[Captioned web images]
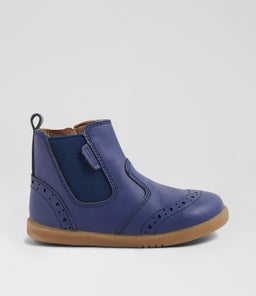 IW BILLIE BQ FUTURE DUSK LEATHER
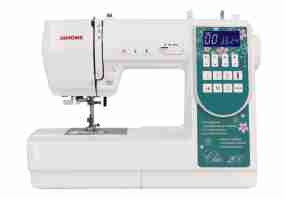 Швейна машина Janome Clio 200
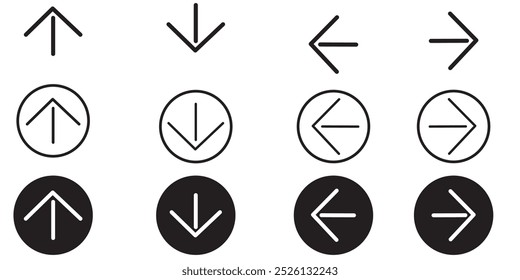 
Deslize o dedo para a direita do design do ícone. Ícone de dedo deslizante no design de estilo silhueta na moda. Ilustração vetorial eps 10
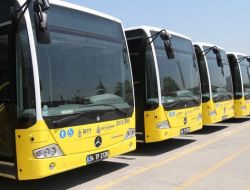 İett, Bir Yılda 54 Yeni Hat Açtı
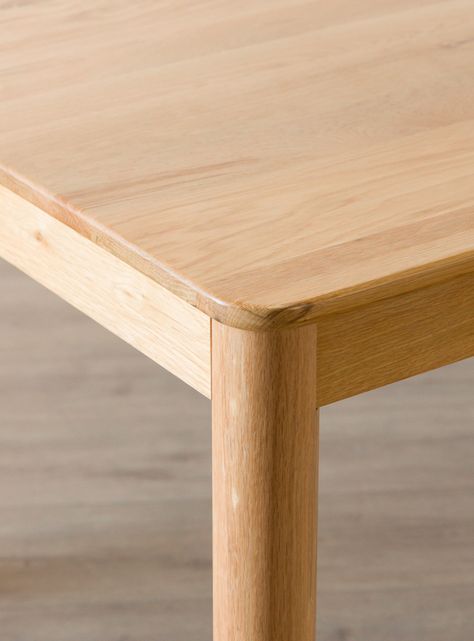 Mesa de comedor Milita Rectangular 200-1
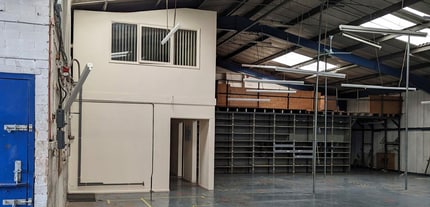 Carter Ln E, South Normanton en alquiler Foto del interior- Imagen 1 de 2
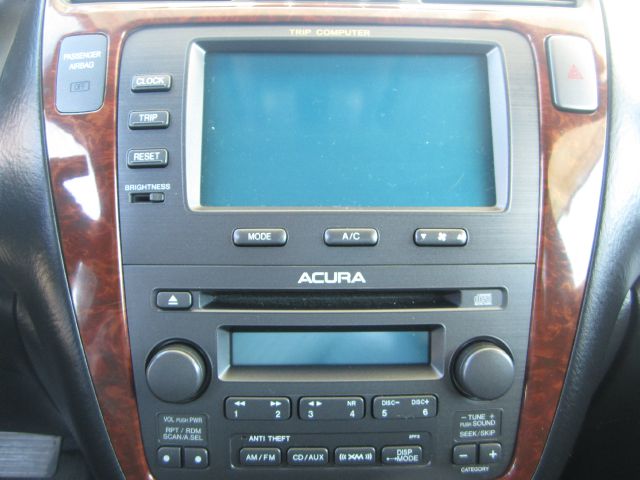 Acura MDX 2006 photo 18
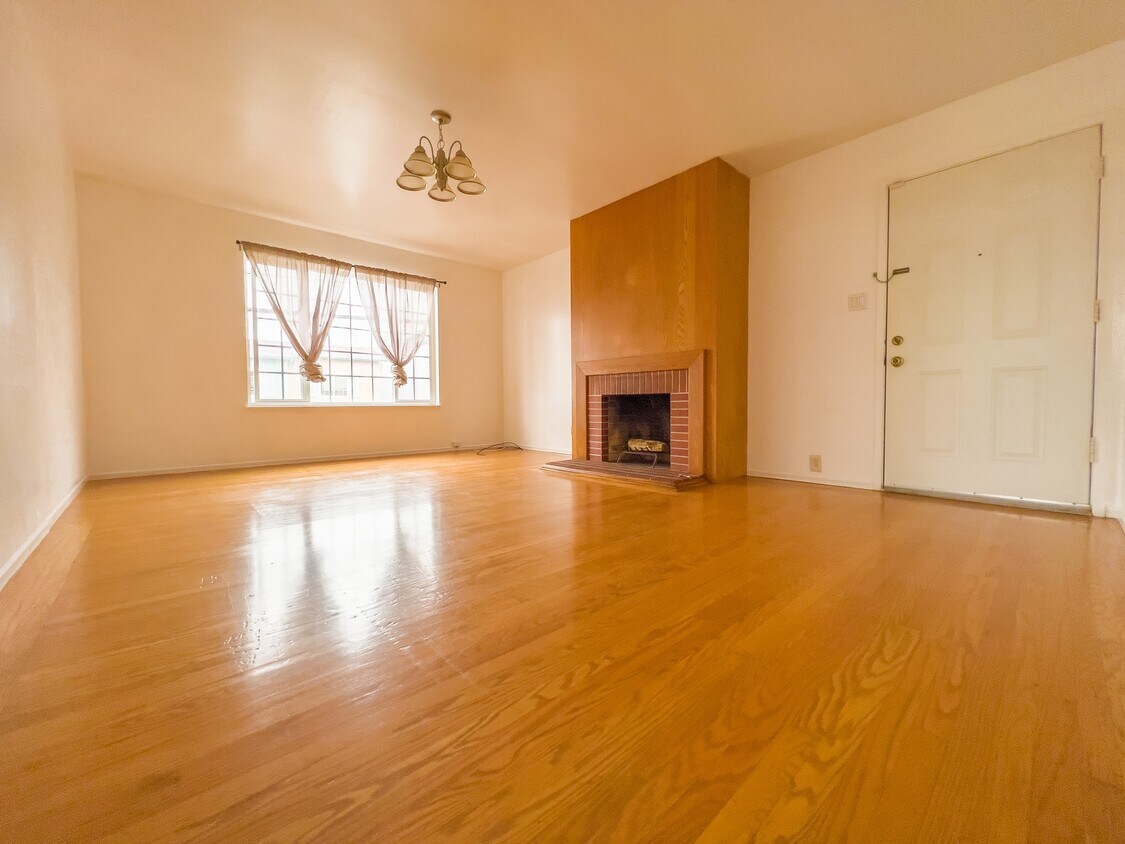 371 Polaris Way, San Francisco, CA 94112 House Rental in San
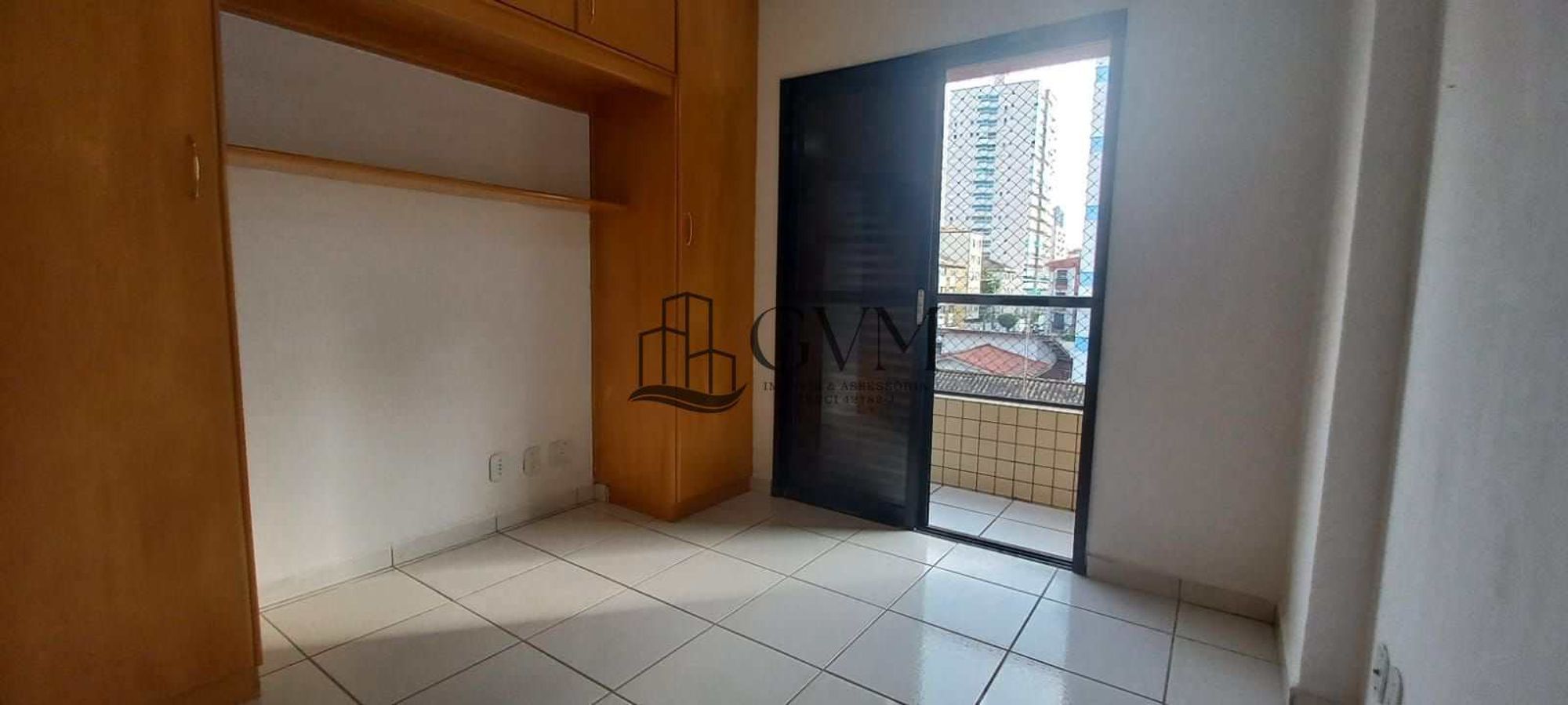 Foto 6 do imóvel Apartamento com 2 quartos á venda no Canto do Forte em Praia Grande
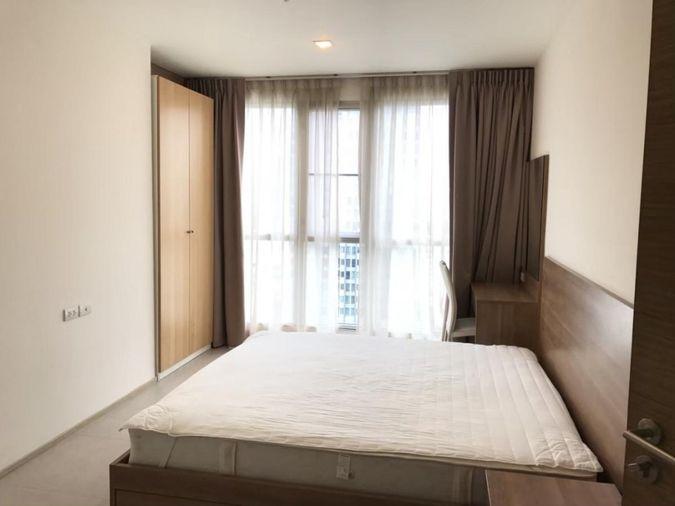 รูป Condo for Rent: Rhythm Sukhumvit Near BTS On Nut 210 M. - รูปที่ 9/15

Aim of the exercise
Write out exactly, and only, the lines running from the line with "Deslize o dedo" to the last line above, both included, with all pictures omitted.

Finished task
Deslize o dedo para a direita do design do ícone. Ícone de dedo deslizante no design de estilo silhueta na moda. Ilustração vetorial eps 10
 İett, Bir Yılda 54 Yeni Hat Açtı
 Mesa de comedor Milita Rectangular 200-1
 Carter Ln E, South Normanton en alquiler Foto del interior- Imagen 1 de 2
 Acura MDX 2006 photo 18
 371 Polaris Way, San Francisco, CA 94112 House Rental in San
 Foto 6 do imóvel Apartamento com 2 quartos á venda no Canto do Forte em Praia Grande
 รูป Condo for Rent: Rhythm Sukhumvit Near BTS On Nut 210 M. - รูปที่ 9/15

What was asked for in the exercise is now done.